Pergunta-se. Nessa altura, que terá acontecido aos filhos Mesquita Guimarães, reprovados ilegalmente por vários anos sucessivos na sua carreira escolar do ensino obrigatório, e fortemente traumatizados pela querela pública escandalosa de que foram alvo durante anos e anos a fio? Sabe-se lá.
Se os Pais, aliás com a concordância dos filhos, não desistirem de resistir a este abuso educativo do actual Ministro da Educação, e a querela judiciária levar anos e anos, como é costume, talvez os filhos Mesquita Guimarães nem venham a conseguir completar em tempo útil a sua escolaridade obrigatória. E tenham que iniciar uma vida adulta e profissional em condições legais de semianalfabetos. É muito caso de perguntar: a que indemnizações morais e outras terão direito, perante o Estado Português (e as suas magistraturas), a título de uma (ainda que pobre) compensação?

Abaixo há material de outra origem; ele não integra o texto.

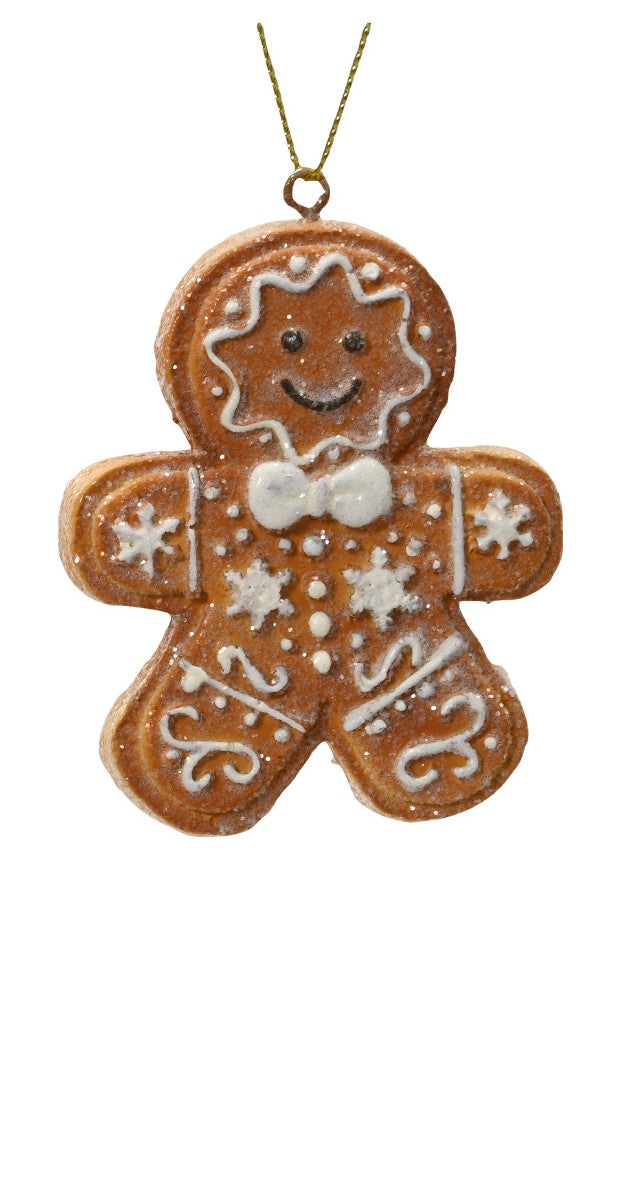 Gingerbread hanging ornaments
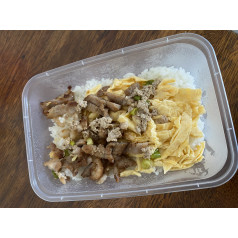 1. High School Fried Pork With Rice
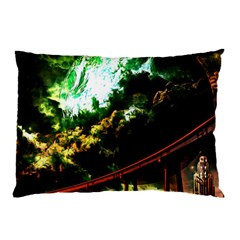 Science-fiction-forward-futuristic Pillow Case (two Sides) by Cowasu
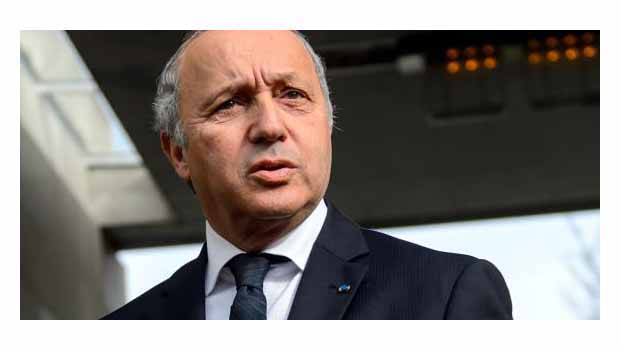 Fransa Dışişleri Bakanı Laurent Fabius Hewler'i Ziyaret Edecek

9 A função constitucional de o Estado Português garantir e apoiar os direitos e deveres humanos de educação, pode-se resumir no dever de garantir o exercício das liberdades de educação contra todas as oposições; e complementarmente proporcionar a todos os cidadãos uma igualdade de oportunidades para a sua educação em liberdade pessoal, cumprindo fielmente o art. 74.º da Constituição, que diz assim: «Todos têm direito ao ensino, com garantia do direito à igualdade de oportunidades de acesso e de êxito escolar».
Ora, note-se bem, direito à «igualdade de oportunidades» é direito às várias oportunidades, no plural; não é direito apenas à única oportunidade programada pelo Estado. Esta igualdade numa única oportunidade oferecida pelo Estado (entre nós na chamada «escola pública») é típica da concepção dos Estados totalitários, que combatem o pluralismo democrático educativo; e não do constitucionalismo humanista da DUDH e da nossa Constituição. Toda a gente sabe que só os governos autoritários e totalitários querem dominar politicamente a educação das crianças, para em consequência programarem a Sociedade Civil do futuro. Os Estados liberais não pressionam política e administrativamente os sistemas educativos.

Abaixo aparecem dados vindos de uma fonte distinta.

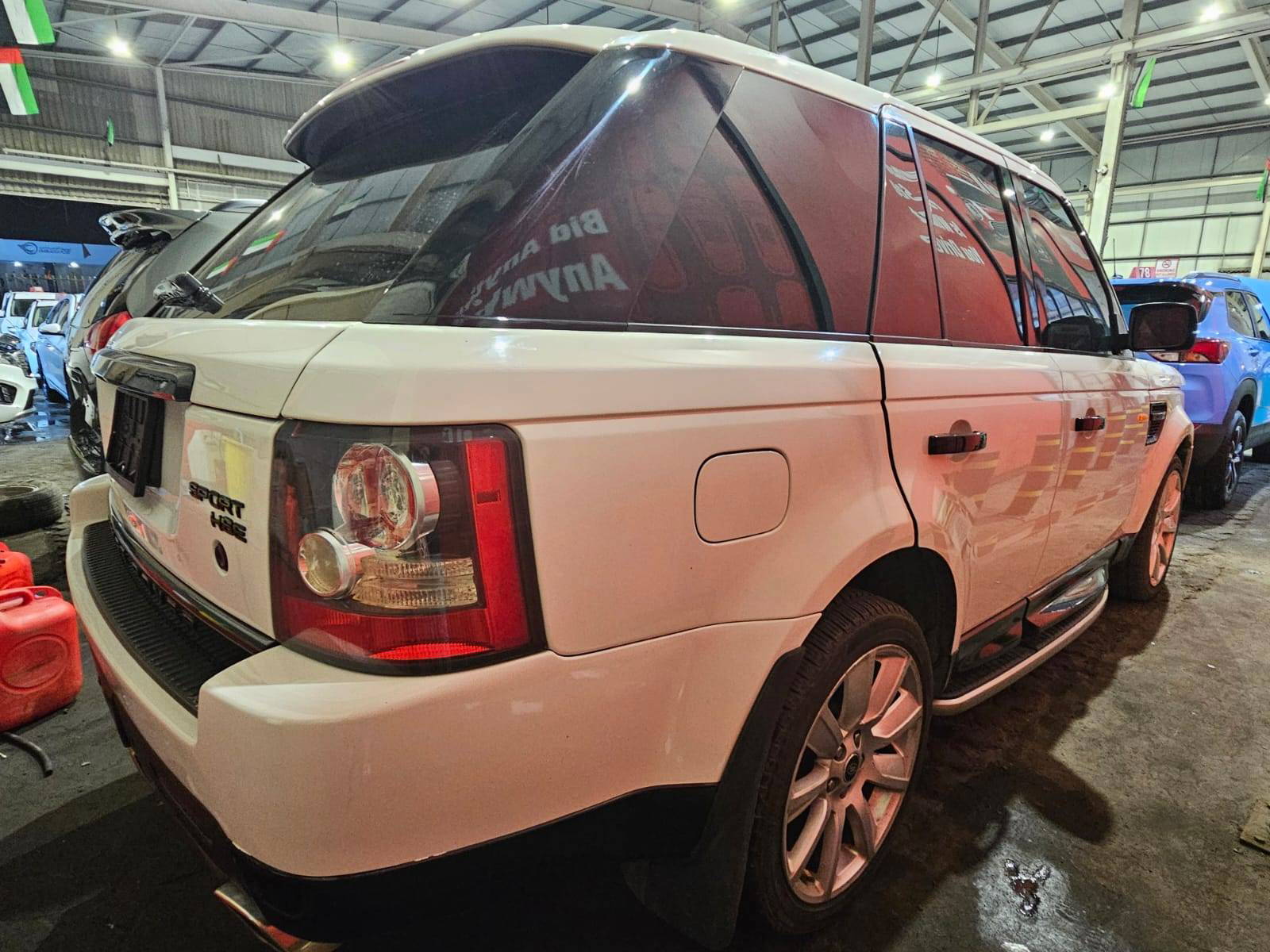 LAND ROVER RANGE ROVER 2008 - Marhaba Auction Used Cars - Image 5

10 Para concluir, apraz-nos citar, sobre esta magna questão, uma das vozes mais independentes e enérgicas do nosso tempo, aliás de um prestigiado docente universitário em Sociologia: António Barreto. Seleccionando apenas duas das suas muitas afirmações públicas nesta matéria.
Primeira citação. «A disciplina de “Educação para a Cidadania e o Desenvolvimento” é uma armadilha e um tremendo equívoco. Tal, aliás, como outras variedades de que se fala com frequência: Educação para a Saúde, Educação para um Ambiente sustentável, Educação para a Saúde reprodutiva e Educação para a Igualdade. Ao abrigo dos melhores sentimentos, estamos em pleno delírio de ideologia e propaganda, ou antes, de manipulação e intoxicação. […] Sempre os déspotas sonham com a educação e a formação das jovens gerações!» (jornal “Público” de 13-09-2020.

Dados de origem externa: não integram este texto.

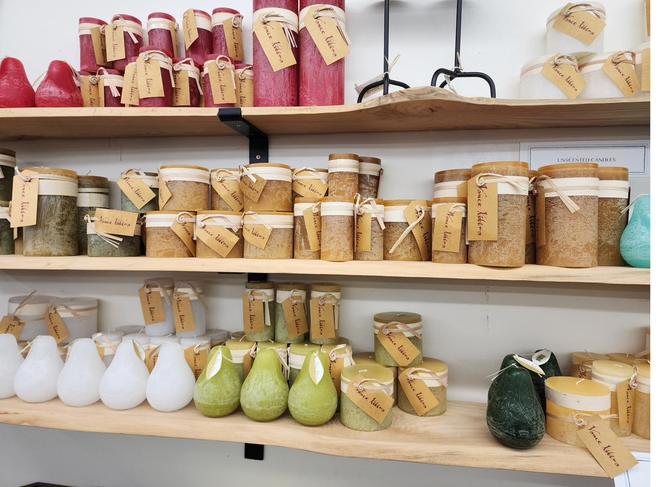 Maine-made goods on the shelf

Segunda citação. «Experimentem uma escola de comunidade, em oposição à escola do Estado, uma escola autónoma, por contraste com a escola dependente do sistema. Deixem a exigência e a meritocracia desenvolver-se nas escolas que o queiram. Deixem as escolas e as comunidades locais lutar contra a complacência. Deixem as escolas ser responsáveis. Estou convencido de que, dessa maneira, algumas escolas, muitas escolas, poderiam melhor dar conta do recado» (Comunicação ao Conselho Nacional de Educação, Situação nacional da literacia. Actas do Seminário, CNE, 1996).